■ DIRECTIONS FOR THIS TASK
Each line from the one holding "肥东县排污口玻璃钢拍门" to the last line below must be restated word for word, and no picture may be included.

■ TASK INPUTS
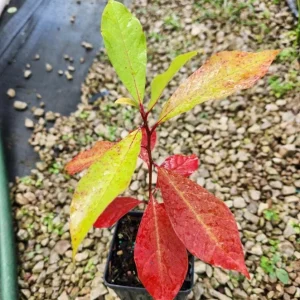 Black Gum Tree Live Plant – 6-12 inch Quart Pot – Scarlet Fall Color – Outdoor - Image 6
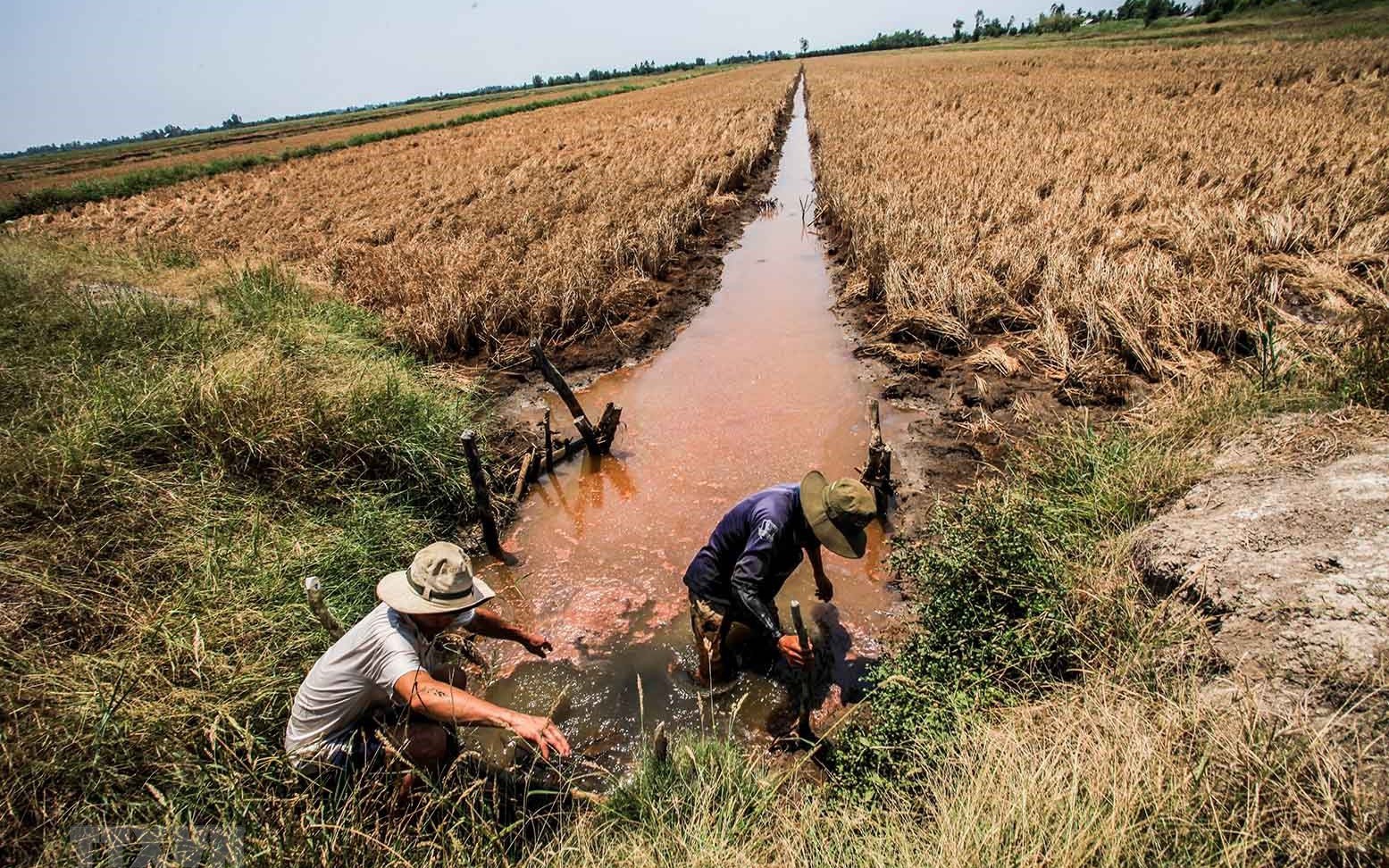 Bộ Nông nghiệp và Môi trường báo cáo Thủ tướng về hạn mặn ở Nam Bộ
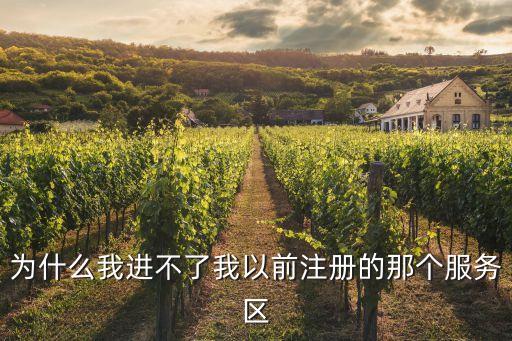 为什么我进不了我以前注册的那个服务区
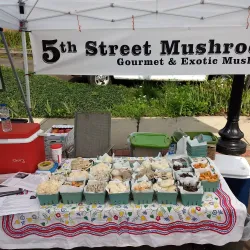 Perkasie Farmers Market - Perkasie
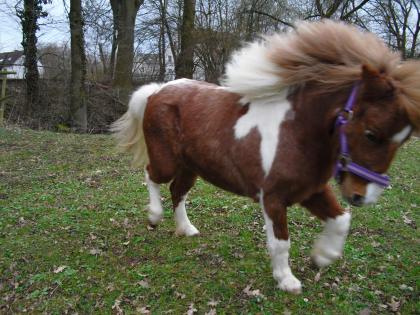 Mini Shetty Stute in gute Hände zu verkaufen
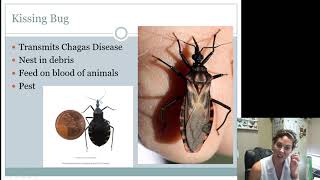 Hemiptera Heteroptera Intermediates and Seniors [upl. by Nadnal]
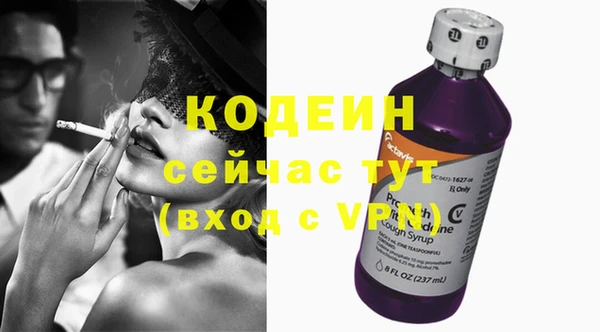 крисы Лабытнанги
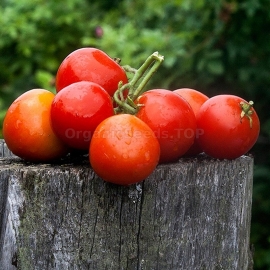 «Denis» - Organic Tomato Seeds
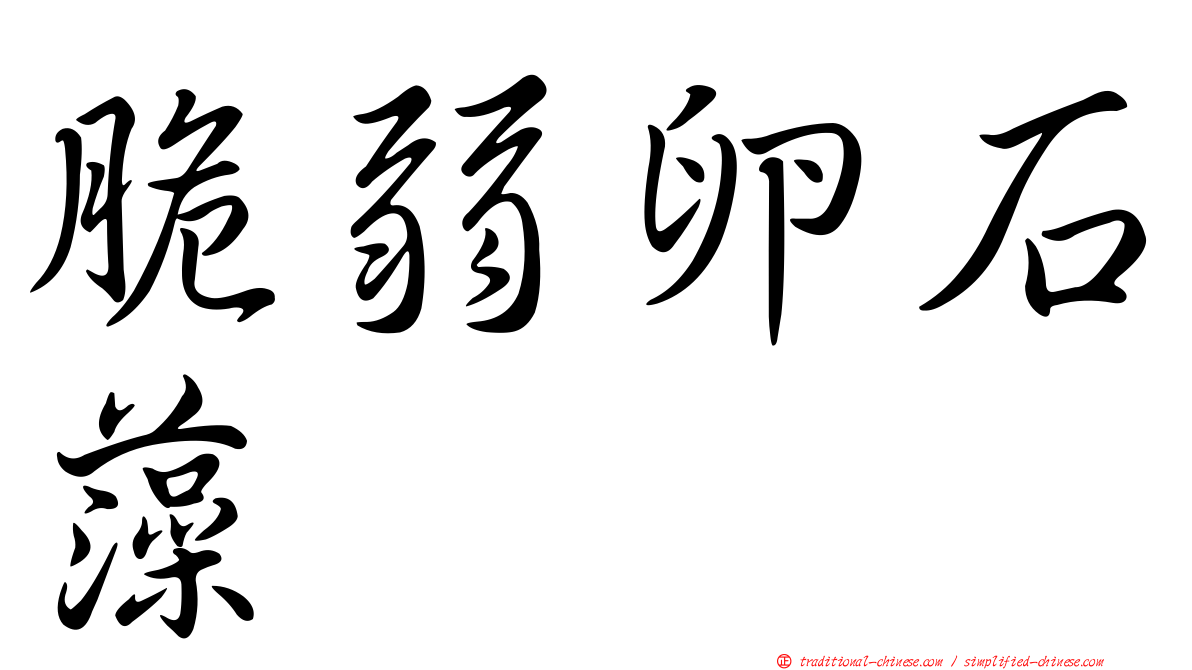 脆弱卵石藻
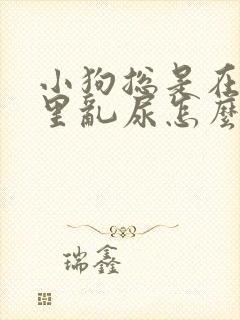 小狗总是在屋子里乱尿怎么办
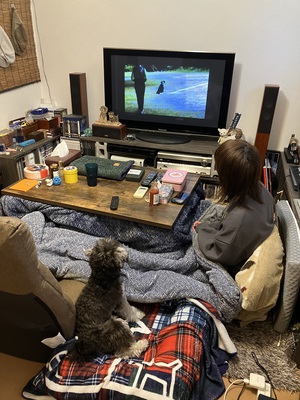 とめべったり、犬の日ポナ活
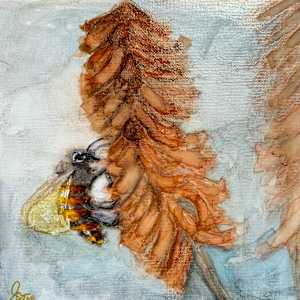 Wingbeats ( all four together) by Janet Dixon 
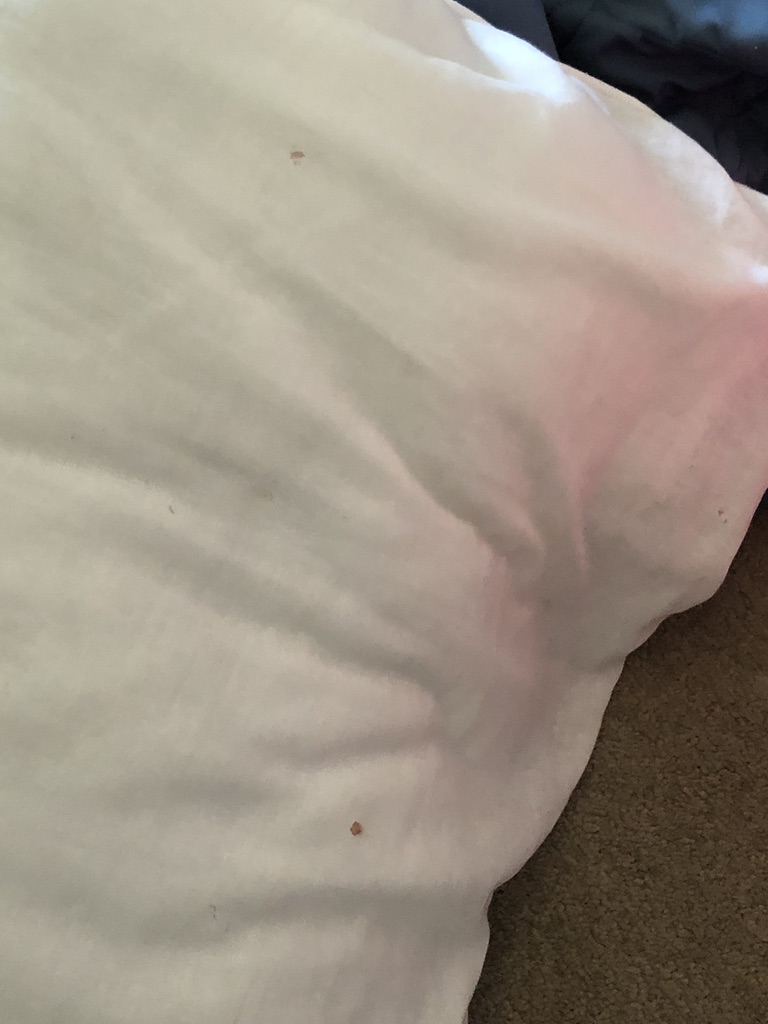 Blood stained pillow case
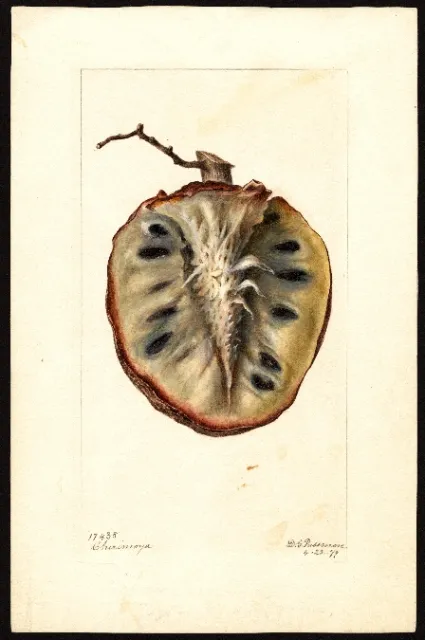 annona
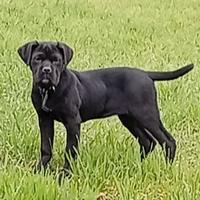 Cucciola di cane corso di 3 mesi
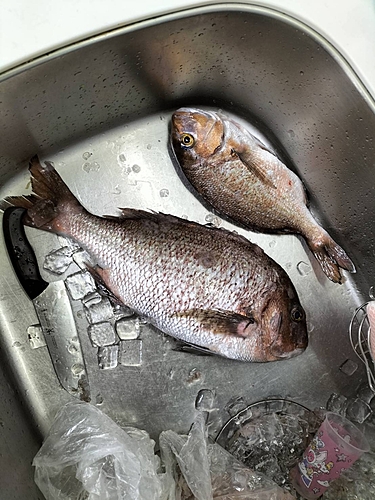 タイの釣果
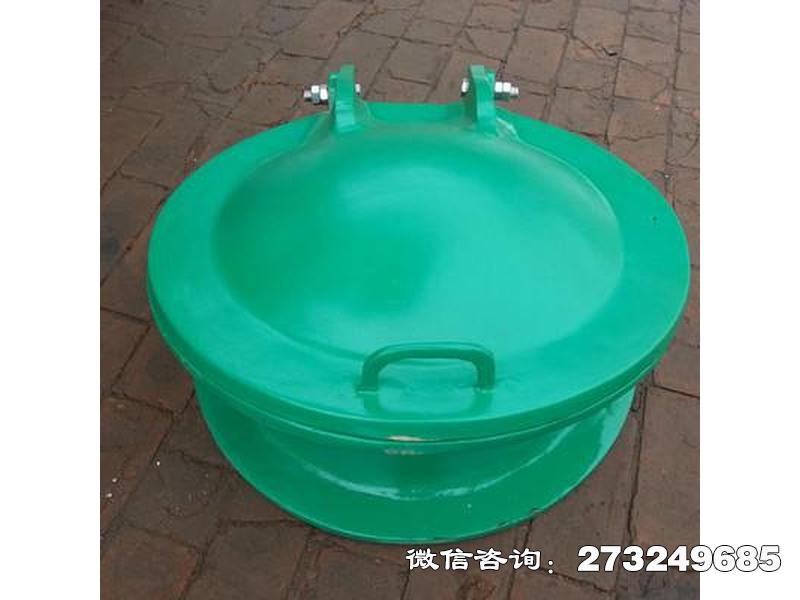 肥东县排污口玻璃钢拍门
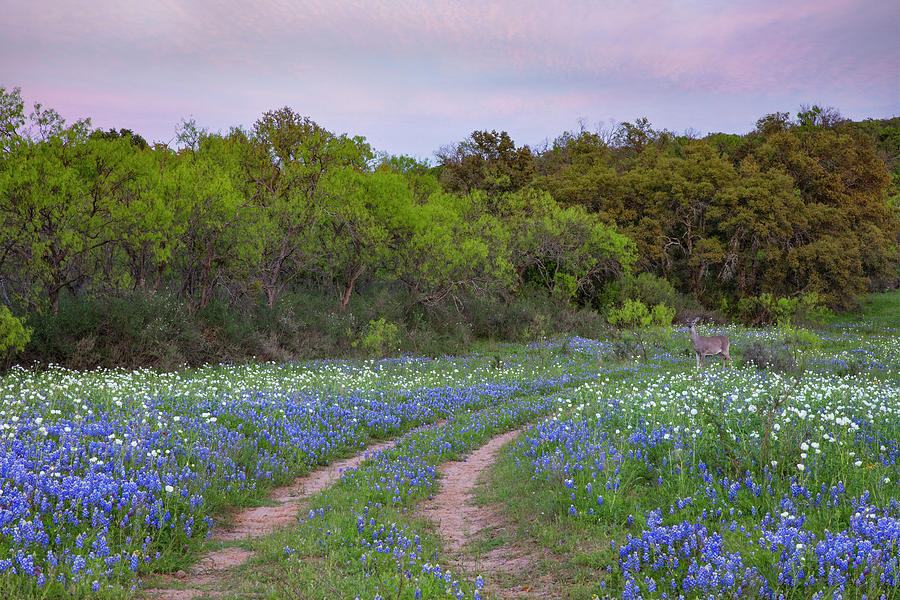 Bluebonnets, a Dirt Road, and a Deer 3311 Photograph by Rob Greebon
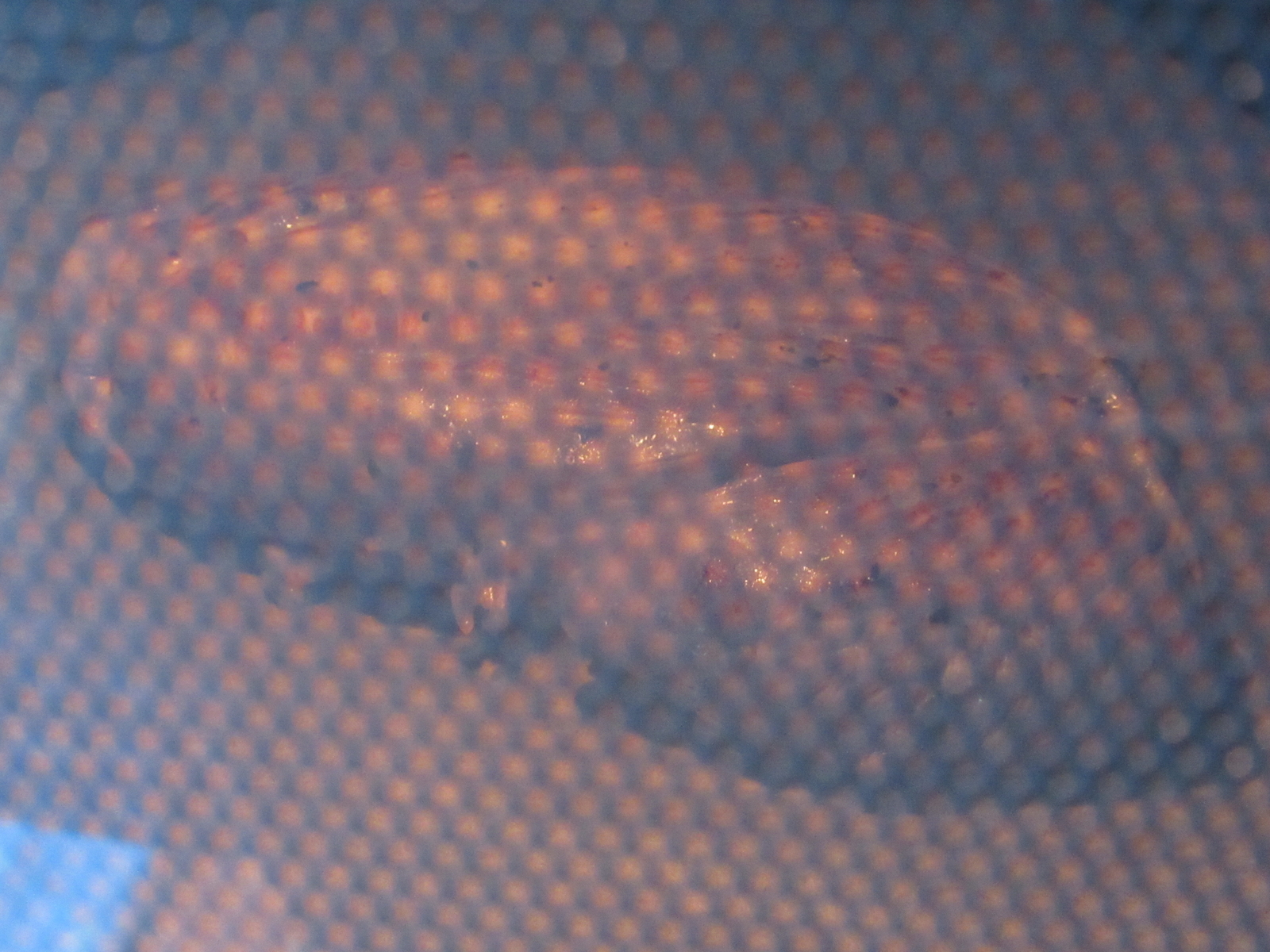 f:id:bluets8:20211231212433j:plain:w480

■ RESULT OF THE EXERCISE
 肥东县排污口玻璃钢拍门
 Bluebonnets, a Dirt Road, and a Deer 3311 Photograph by Rob Greebon
 f:id:bluets8:20211231212433j:plain:w480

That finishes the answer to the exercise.